On Sun, Nov 20, 2011 at 11:15 PM, Simon Glass sjg@chromium.org wrote:
Hi Mike,
On Sun, Nov 20, 2011 at 1:23 PM, Mike Frysinger vapier@gentoo.org wrote:
On Thursday 03 November 2011 03:28:29 Andy Fleming wrote:
you don't need those semicolons. also, this is not as good as it should be: if you're running 10 jobs in parallel, you fork 10, and then you wait for all of them to finish before forking another set of 10.
what you could do is something like: JOB_IDX=0 JOB_IDX_FIRST=0 BUILD_NBUILDS=1
... foreach target ... ; do build_target & pids[$(( JOB_IDX++ ))]=$! if [ $(( JOB_IDX - JOB_IDX_FIRST )) -ge ${BUILD_NBUILDS} ] ; then wait ${pids[$(( JOB_IDX_FIRST++ ))]} fi done wait
this isn't perfect as it assumes the first job launched will always finish first, but it's a lot closer than the current code.
Since all the jobs are launched at the same time this is not really a valid assumption is it? IMO on this point it's good enough as it is for now...
Mike's idea led me to a slightly crazier one that (I think) works. Basically, I have each build_targets invocation create a file named LOG/build_N when it is done, where N is the value of TOTAL_CNT when it is invoked. Then I keep track of the oldest uncompleted build #. When we hit our build limit, the script scans for LOG/build_N, for N from oldest to TOTAL_CNT, and updates the count of outstanding builds, as appropriate (and moves the index of the oldest). If the scanning completes without freeing up room for another build, it waits for a second, and then re-scans.
I tried this on my 24-core system with BUILD_NBUILDS set to 8 and BUILD_NCPUS set to 4, and pegged the system at ~24-30 the whole time.

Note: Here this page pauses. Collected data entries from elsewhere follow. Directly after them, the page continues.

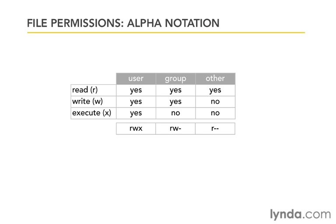So remember here, we have U, G, and O, R, W, and X, and we use that to come up with those nine digits, R, W, X, R, W, dash, R, dash, dash, right?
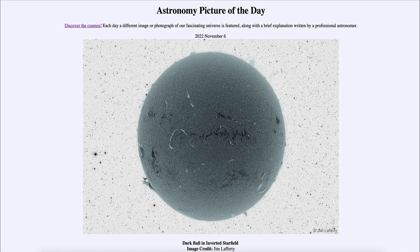Greetings and welcome to the introduction to astronomy. One of the things that I like to do in each of my introductory astronomy classes is to begin with the astronomy picture of the day from the NASA website, that is apod.nasa.gov/apod. Today's picture for November 6th of 2022 is titled 'Dark Ball in Inverted Starfield.'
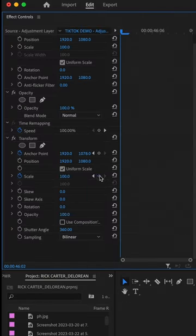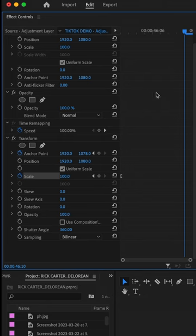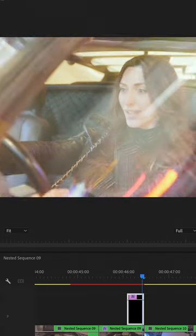Now under scale, add a keyframe at the start of the layer and then go to the end of the clip and add another keyframe and scale in however much you want to zoom in.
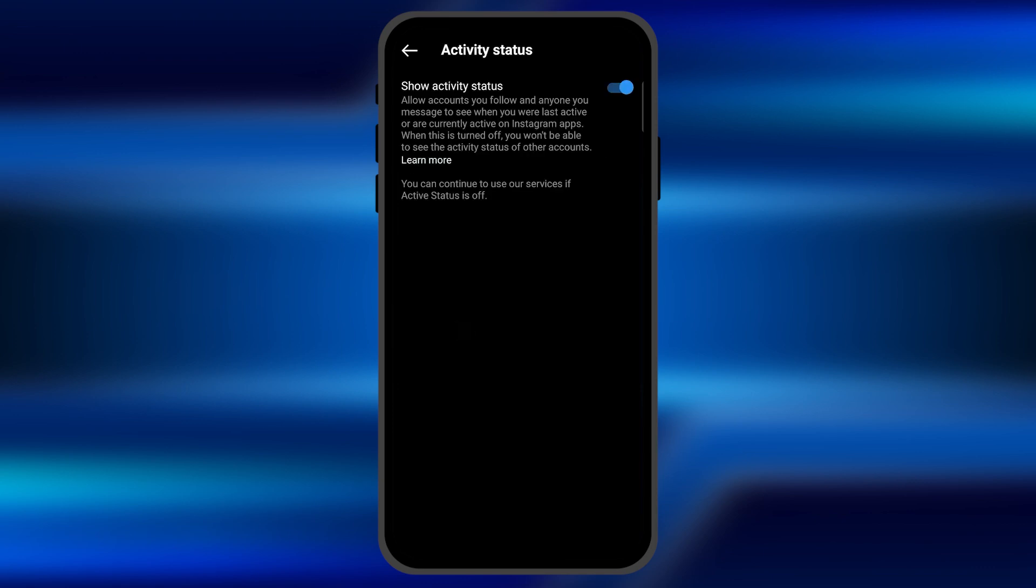You need to click on this option and here you see show activity status. It's enabled by default. All you have to do is disable this option and now nobody can see whether you are online or not, or your last seen on Instagram.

I will note that it only shaved about a minute off the 15 minutes it took to build all 85xx. I'm still debugging a bit (I want to try 16 builds/2 cores, and clean up a bit), but I figured I'd ask what people thought of this approach.
My next patch will also address Mike's comments. If I'm feeling inspired, I might address some of your suggestions (I think I can use the build-completion files to coalesce some of the debug output).